Continue zelando por sua filha, sem ter medo de ser injusta com alguém. Está educando-a, mostrando que há carinhos e carinhos, há pessoas boas e ruins, há toques bem-vindos e toques repulsivos. Está respeitando a criança que está sob suas asas, dando a ela todo o terreno possível para se abrir com você caso algum dia algo aconteça a ela.

E para os demais: veja sempre o problema em sua volta. Se informe, veja como seu filho, seu sobrinho, seu vizinho pequeno está se portando... e com quem está se envolvendo, conversando na rua, na praça, na própria casa. Caso veja algo diferente e estranho, fale com uma assistente social, com um policial, use o Disque 100 para tirar dúvidas. Se envolva mesmo. Você tem essa obrigação... se sinta obrigado a manter-se vigilante!

Nesse caso, é melhor pecar pelo excesso do que pela omissão.

1 comentários:

  1. Carol Viana disse...
  2. Pra começar, essa história de "papel de homem" me irrita profundamente. Não tem nada que me tire mais do sério do que essa colocação. O cara tá ali e se tiver uma mulher perto, estufa o peito e pensa:"Deixa eu ir fazer meu papel de homem"... Dar em cima, falar gracinhas, tentar algum tipo de intimidade sexual. É o tipo de justificativa mais sem pé nem cabeça que eu já ouvi na vida, só perde pra justificativa de que a vítima provoca.
    Sua vigilância não é excessiva de forma alguma. Todo mundo deveria agir dessa maneira.
    Tenho um amigo que não coloca em hipótese alguma, nem deixa que os amigos coloquem fotos de suas filhas pequenas na internet. Eu adoro as duas, sempre tirei fotos com elas, amo crianças, mas nunca coloquei nenhuma foto minha com as meninas em rede social nenhuma. Estão comigo, guardadas, para minha recordação. Entendo perfeitamente o zelo dele.
    São crianças, são adolescentes que ainda não tem discernimento de nada e nem devem ser responsabilizados.
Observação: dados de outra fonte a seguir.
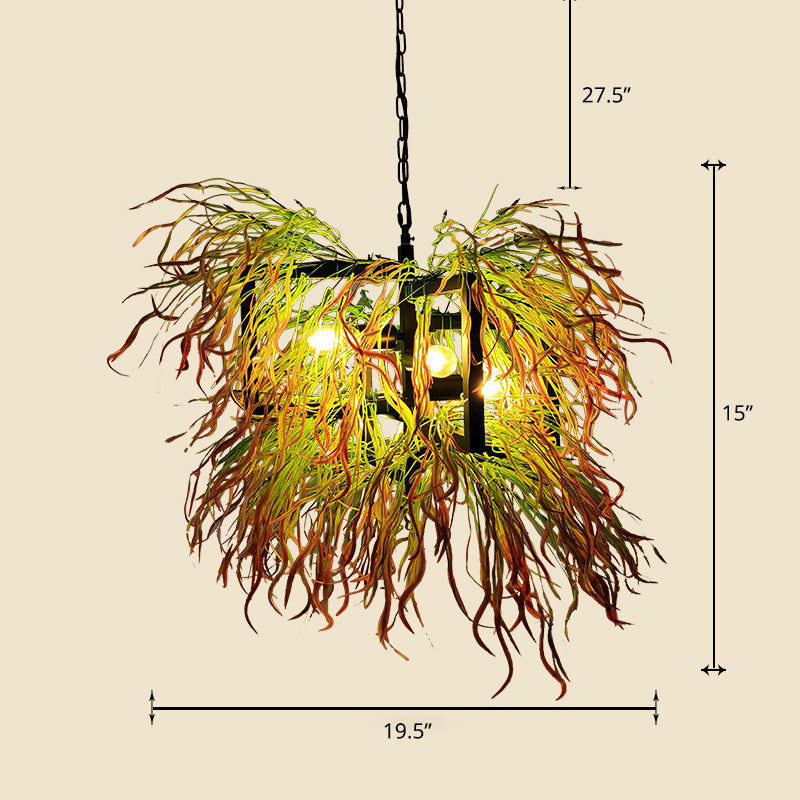 Chandelier Lamp Industrial Cage Iron Pendant Light Fixture with Faux Plant Decor - Rebooters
Sob a desculpa de que o mundo está diferente hoje em dia, que as crianças perdem a malícia cedo (já ouvi muito isso e pode até ser verdade).
    O que muitas pessoas não entendem na hora de julgar é que a responsabilidade é sim do adulto. Mesmo em casos de meninas que "provoquem", o adulto tem que ser o consciente da situação. Difícil esperar isso de doentes que se excitam com crianças e com pessoas que NITIDAMENTE NÃO ESTÃO DESEJANDO aquilo? Sim, eu diria impossível.
    Então o nosso papel, mesmo que não sejamos pais ou mães é zelar por essas crianças, por esses adolescentes que nos rodeiam, que estão perto de nós. Assim como o Felipe, evitar que as desconfianças aconteçam, estar atentos quando virmos algo, denunciar, ajudar de alguma forma e se possível, prevenir.
    Você está criando um canal de conversa e um nível de confiança com sua filha que só tende a ajudar nesse processo todo. Parabéns!